CPG Sec. 560.200 Country of Origin Labeling


A statement of the country of origin on the labeling of imported foods is not required by the Federal Food, Drug, & Cosmetic Act. This is a requirement of the U.S. Customs *and Border Protection (CBP)* as authorized by the Tariff Act of 1930 and CPB regulations (19 USC 1304(a) and 19 CFR Part 134).

Repackers are required by *CBP* to mark containers of repackaged imports with the English name of the country of origin. In the event that further reprocessing or material added to the article in another country results in a "substantial transformation" of the product, the other country becomes the country of origin within the meaning of *CBP's* labeling requirements, 19 CFR 134.1(b) and 134.11. As a result of *CBP's* seizure actions and other regulatory follow-up involving imported shrimp that was peeled, deveined, and repacked in the United States and labeled as a product of the U.S. FDA received congressional, industry, and field inquiries regarding FDA's jurisdiction and policy on country of origin labeling for this product. *CBP* considers that peeling, deveining, and repacking is not a "substantial transformation" of the product, sufficient to permit the shrimp to be declared as a product of the U.S., within the meaning of *CBP's* laws and regulations.

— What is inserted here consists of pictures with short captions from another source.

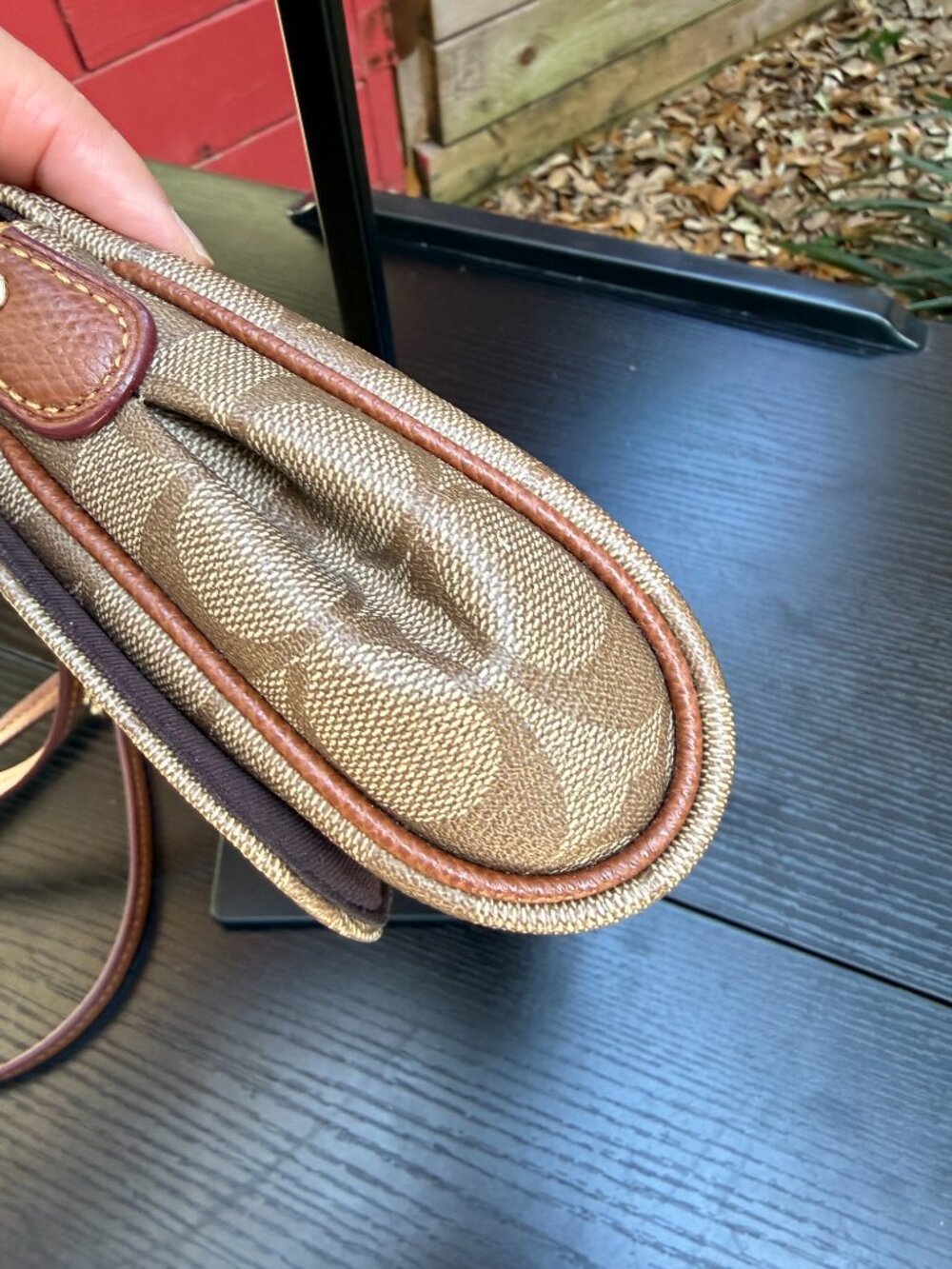 Coach Mini Ruby Crossbody Shoulder Bag w/ Gold Chain Monogram Canvas Leather - Picture 10 of 16
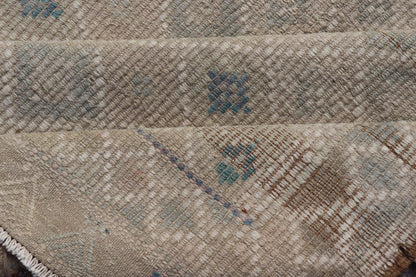 Vintage Turkish Embroidered Flat - Weave Rug Diamond Shape Geometric Design Measures 6'1 x 10'1 This hand - woven Kilim features muted shades of taupe, light blue, light green, camel, and small accent details in cream. The all - over design di... - Keivan Woven ArtsEN - 13190 - 18800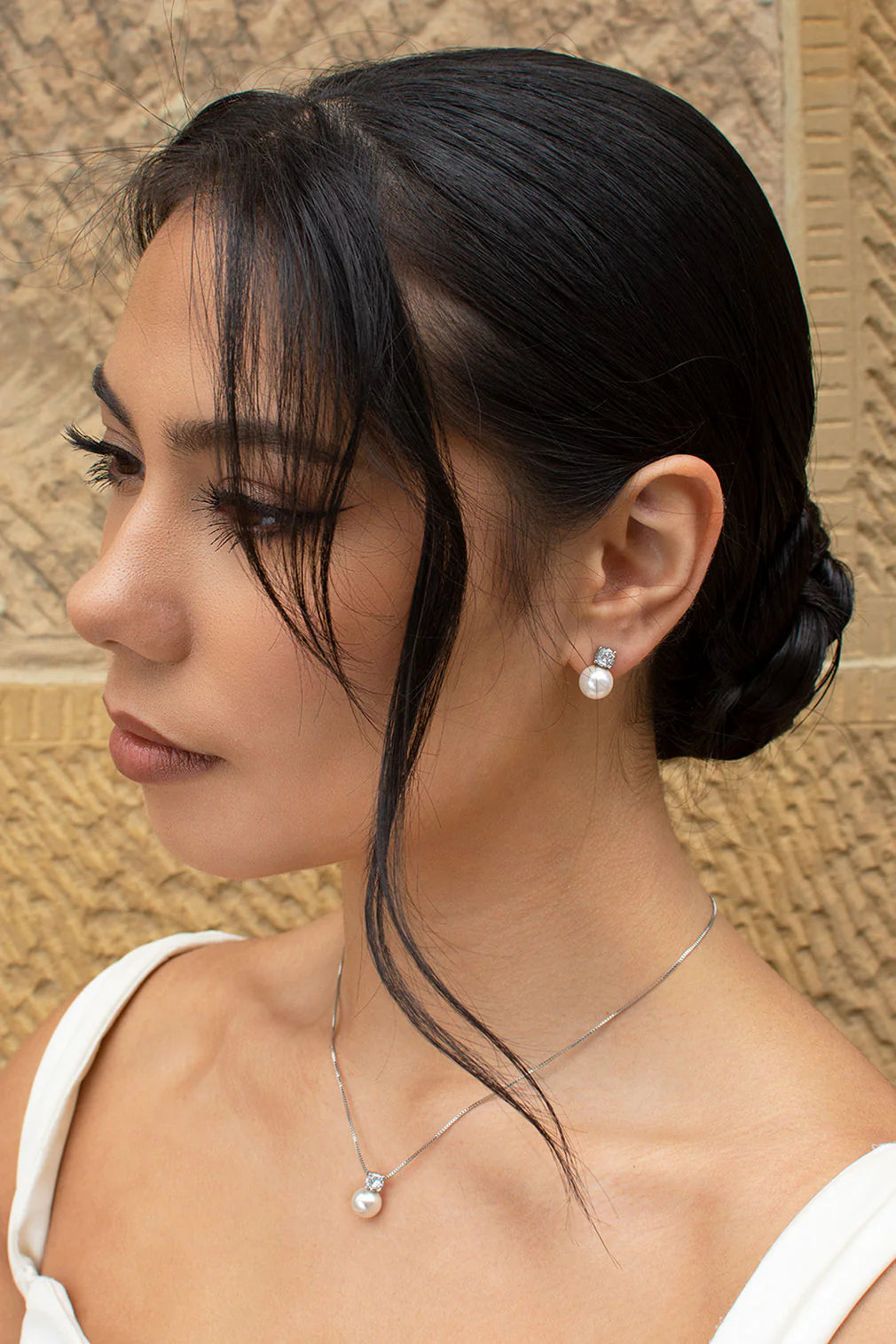 Anne - Pearl and Swarovski Crystal  Bridal Stud Earrings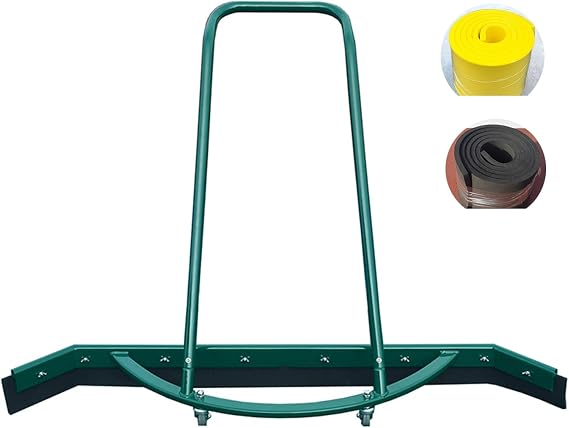 Heavy-Duty Rolling Water Pusher, Easy to Assemble Outdoor Squeegee Dew Broom with Wheels, Suitable for Basketball Courts, Cement Floors, Parking Lots, 346159
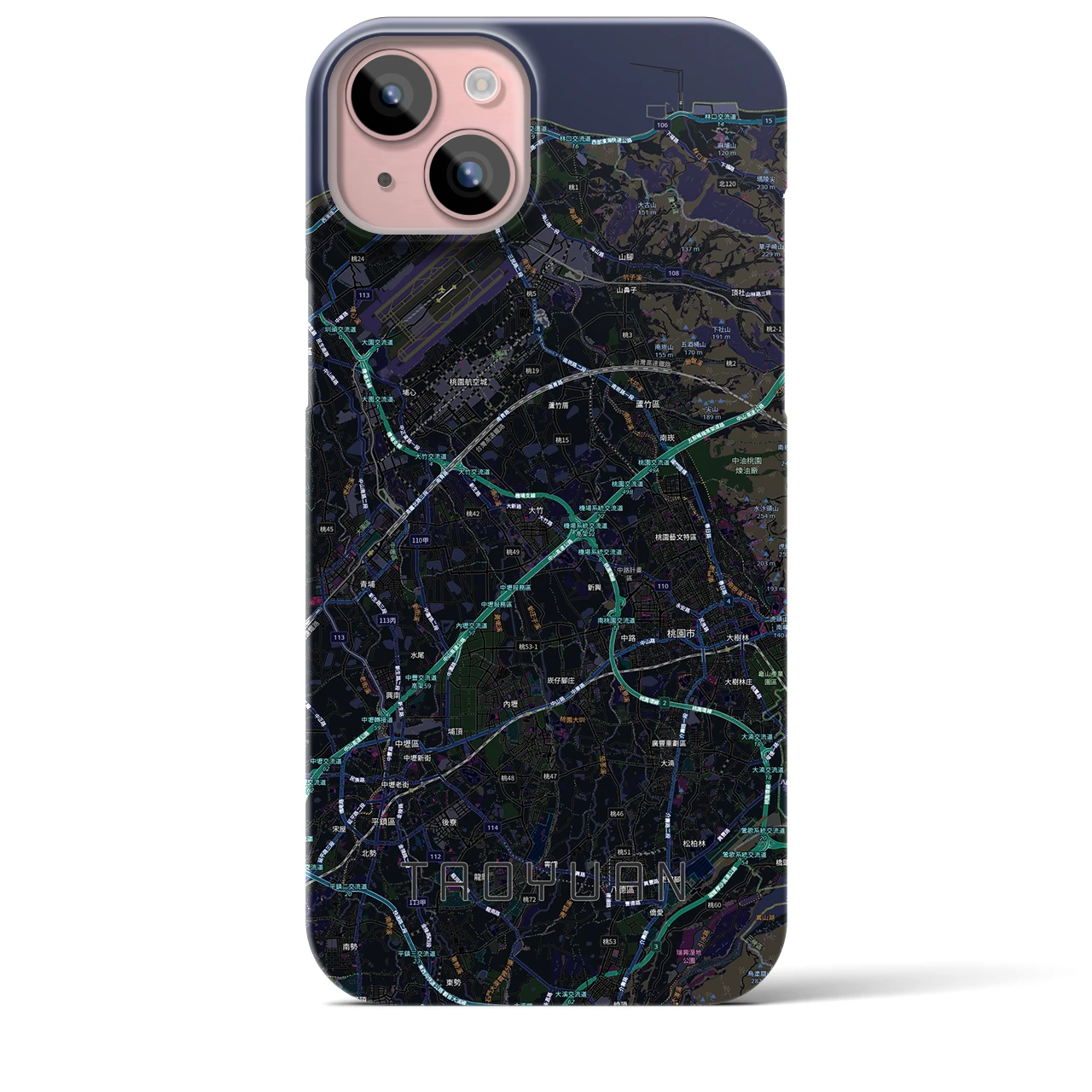 【桃園（台湾）】地図柄iPhoneケース（バックカバータイプ）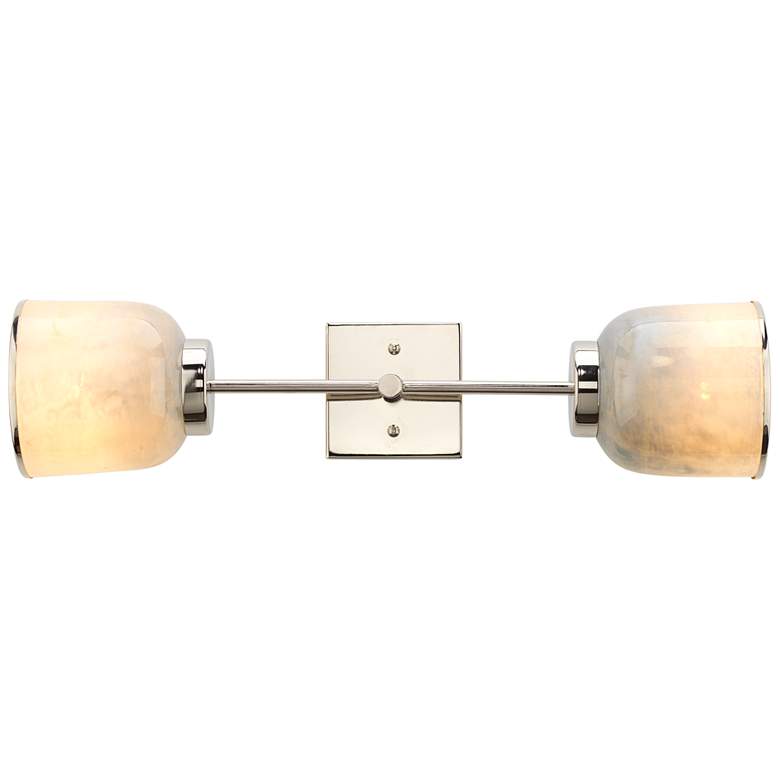 Image 7 Jamie Young Vapor 24 3/4 inch High Opal and Nickel Double Wall Sconce more views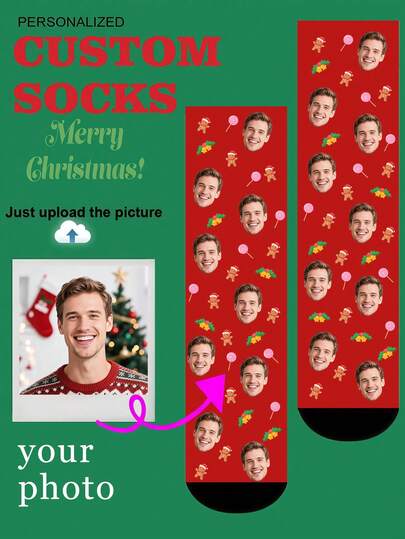1pc Unisex Custom Pet Face Printed Green Comfortable Festive - Style Socks For Christmas
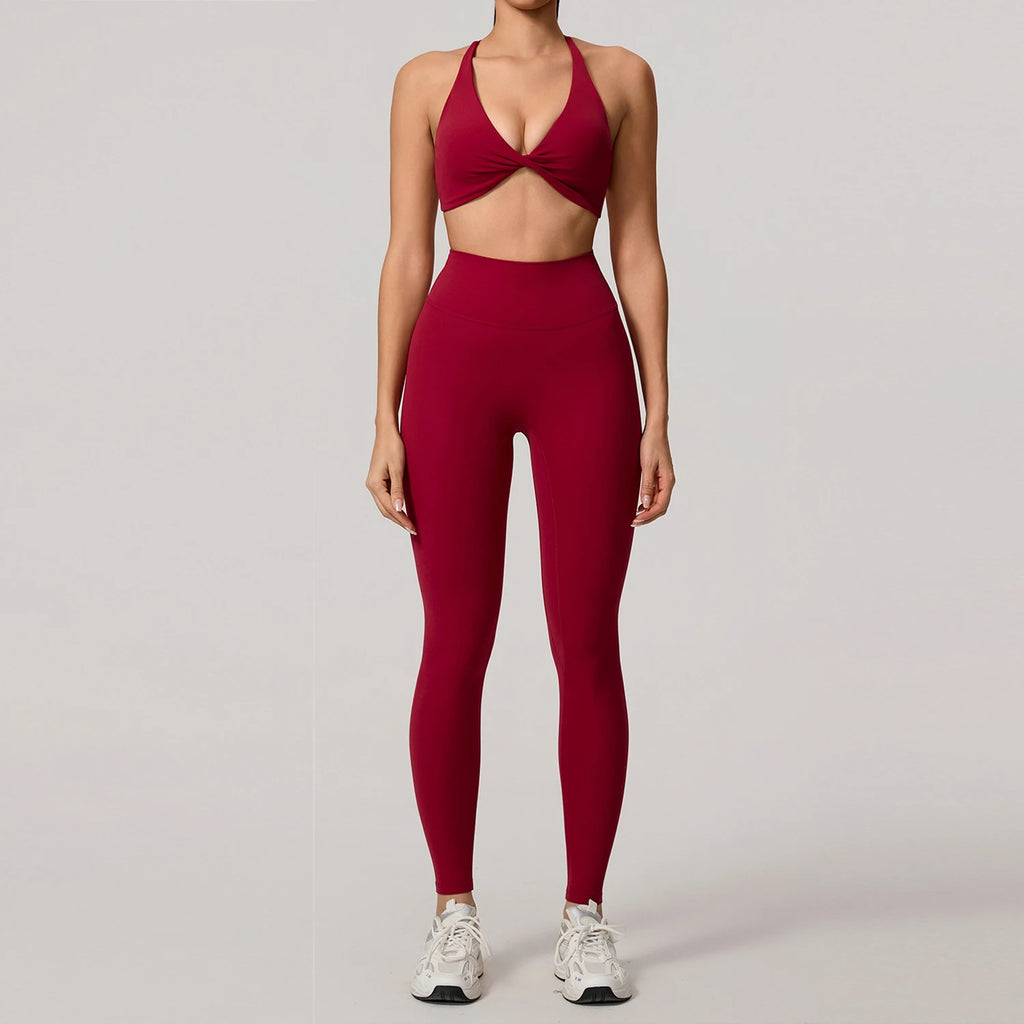 Conjunto Deportivo 2 Piezas Top Cruzado y Leggings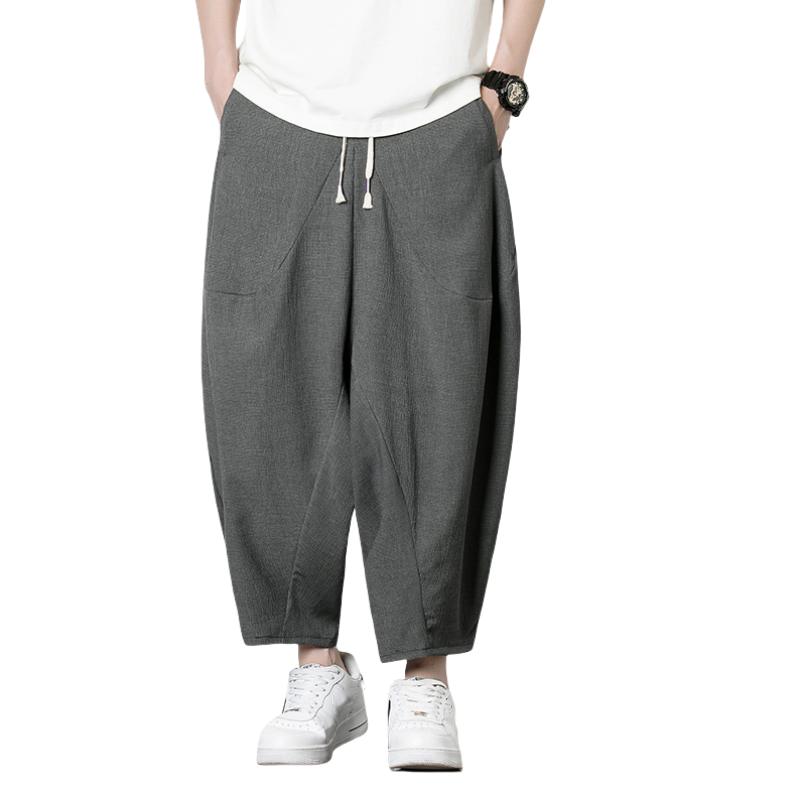 Men Chinese Style Summer Harem Pants Men Baggy Casual Pants Male Loose Fit Trendy Long Pants Bloomers Male Soild Color Trousers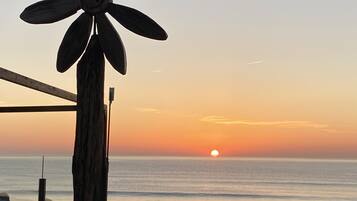 Beach nearby, sun loungers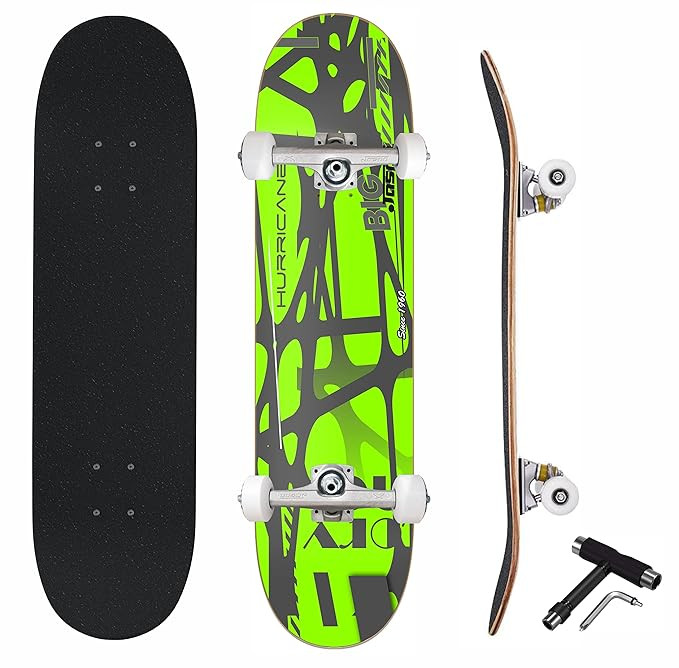 Jaspo Big Bang 7 Layer Teak Wood Skateboard (31”X8”) Double Kick Concave Design (Suitable for Age Group Above 8 Years)-Made in India.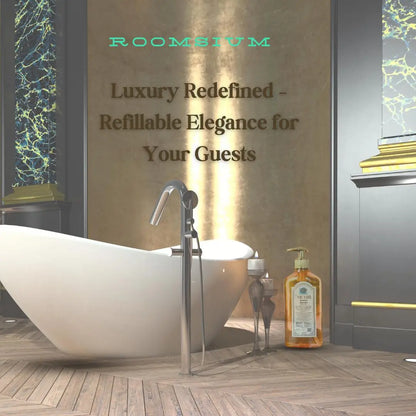 Roomsium Victor Set - Luxurious Refillable Dispensers | 13.52 Fl Oz Shampoo & Shower Gel Roomsium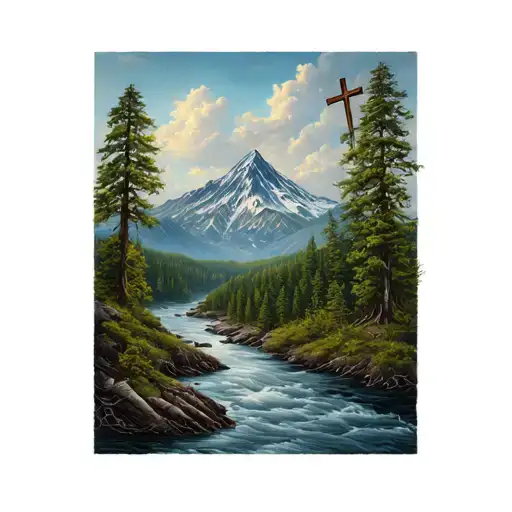 Nature With Trees A River And A Mountain With A Cross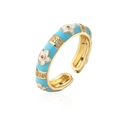 Bague ouverte dorée en émail bleu clair avec fleurs blanches et zircons pour femmes - Bleu Ciel
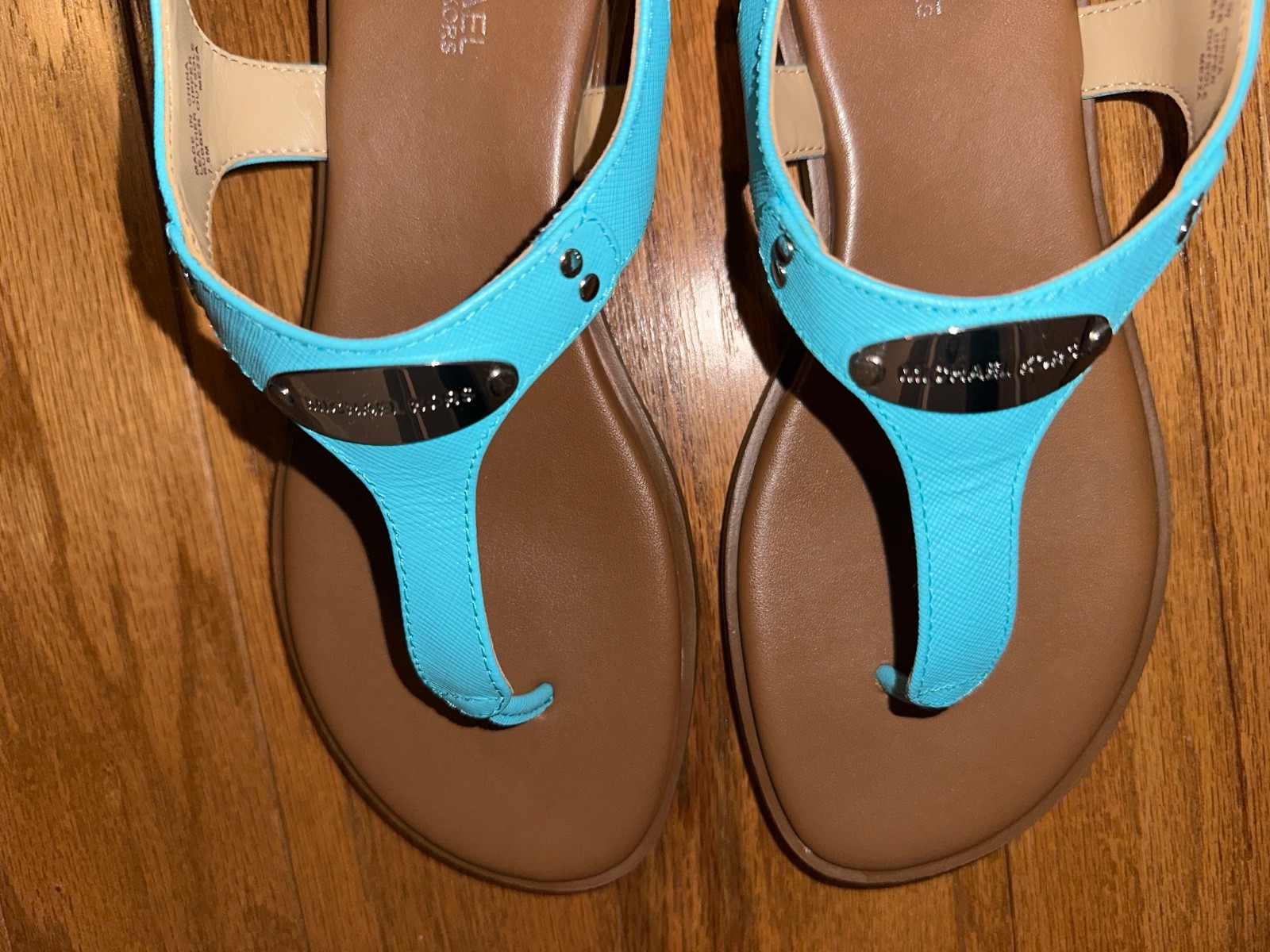Michael Michael Kors MK Plate Thong Sandals Women’s 7.5 M Vibrant Blue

Food labeling statements regarding geographical origin must not be false or misleading in any particular. FDA's policy prohibiting false or misleading labeling of food applies equally to imported and domestic products (*section 403(a)(1)* and 21 CFR 101.18).

It is possible that a violation of *CBP's* requirement concerning country of origin labeling, whether by omission or deviation, could also result in false or misleading labeling that violates the FFD&C Act and FDA regulations.


  1. An imported product, such as shrimp, is peeled and deveined or otherwise preserved after importation, but is still identified and sold as "shrimp". If labeled as a "product of the USA," it would be misbranded because the labeling would be false and misleading within the meaning of section 403(a)(1) of the FFD&C Act.
  2. An imported product, such as shrimp, is peeled, deveined and incorporated into a shrimp dish, such as "Shrimp Quiche." The product is no longer identifiable as shrimp but as "Quiche." The quiche is a product of the USA. Therefore, labeling it as "product of the USA" would not be a violation of the FFD&C Act. (Whether or not it violates *CBP's* requirements would need to be asked.)
  3. An imported product, such as shrimp, is peeled and deveined. It is labeled as "Imported by" or "Distributed by" a firm in the USA. Such labeling would not violate the FFD&C Act, but it would not meet the *CBP's* requirement for country of origin labeling. The product would also have to be clearly identified as to country of origin.

FDA's policy regarding false or misleading country of origin labeling is to defer to *CBP*. Such labeling is also a violation of the Tariff Act of 1930, which is enforced by *CBP*, and *CBP* can generally deal with this problem more efficiently than FDA.


Information acquired by FDA personnel regarding false or misleading country of origin labeling should be transmitted by the district to the local *CBP* office for their consideration, together with offers of FDA cooperation in the matter and a request that the district be advised of any regulatory follow-up by *CBP*.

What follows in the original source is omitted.